Content starts

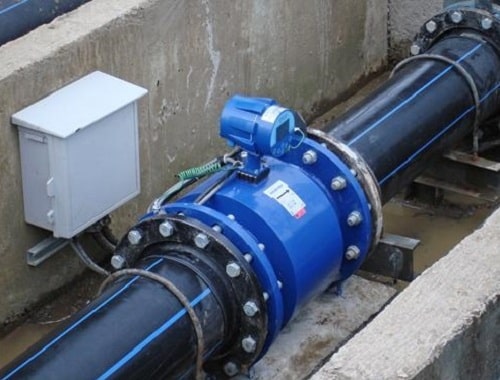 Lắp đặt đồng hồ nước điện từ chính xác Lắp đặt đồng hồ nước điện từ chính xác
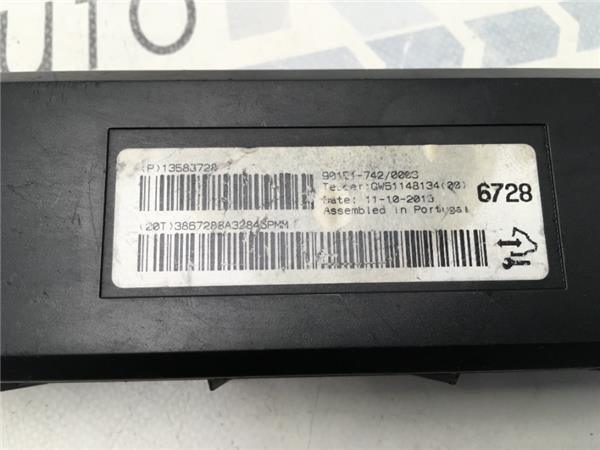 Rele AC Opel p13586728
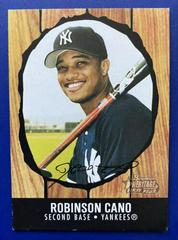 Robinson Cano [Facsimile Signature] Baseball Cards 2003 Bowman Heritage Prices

Content ends
Content starts

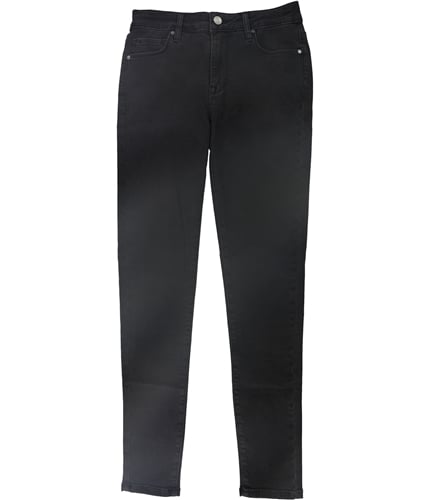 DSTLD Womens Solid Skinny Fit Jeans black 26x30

Content ends
Content starts

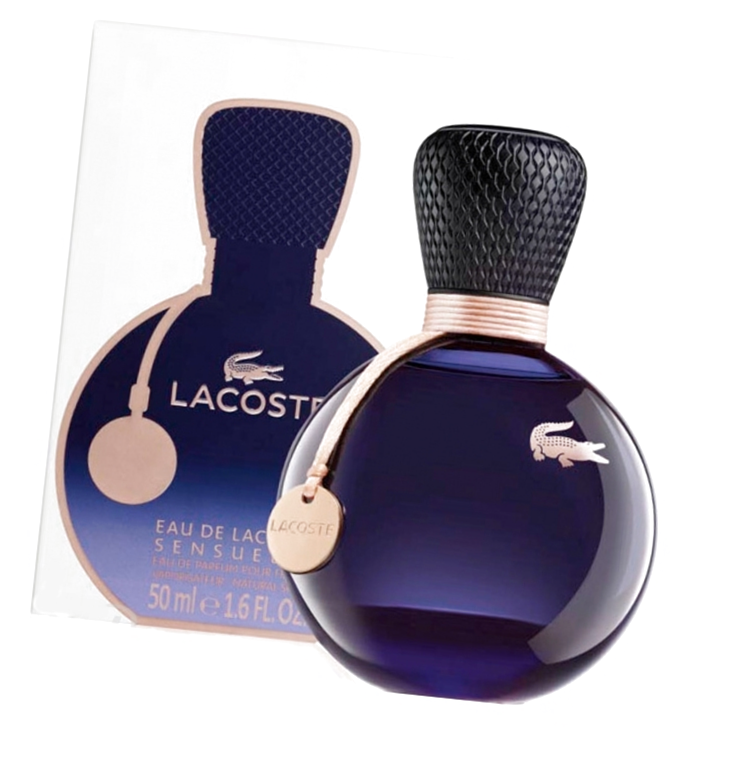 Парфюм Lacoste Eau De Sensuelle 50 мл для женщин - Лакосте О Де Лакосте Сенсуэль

Content ends

Only one stretch of the entries above is needed: the lines from the one containing "Rele AC Opel p13586728" through the one containing "Robinson Cano [Facsimile". Copy it exactly, without the pictures.

### TASK OUTPUT:
 Rele AC Opel p13586728
 Robinson Cano [Facsimile Signature] Baseball Cards 2003 Bowman Heritage Prices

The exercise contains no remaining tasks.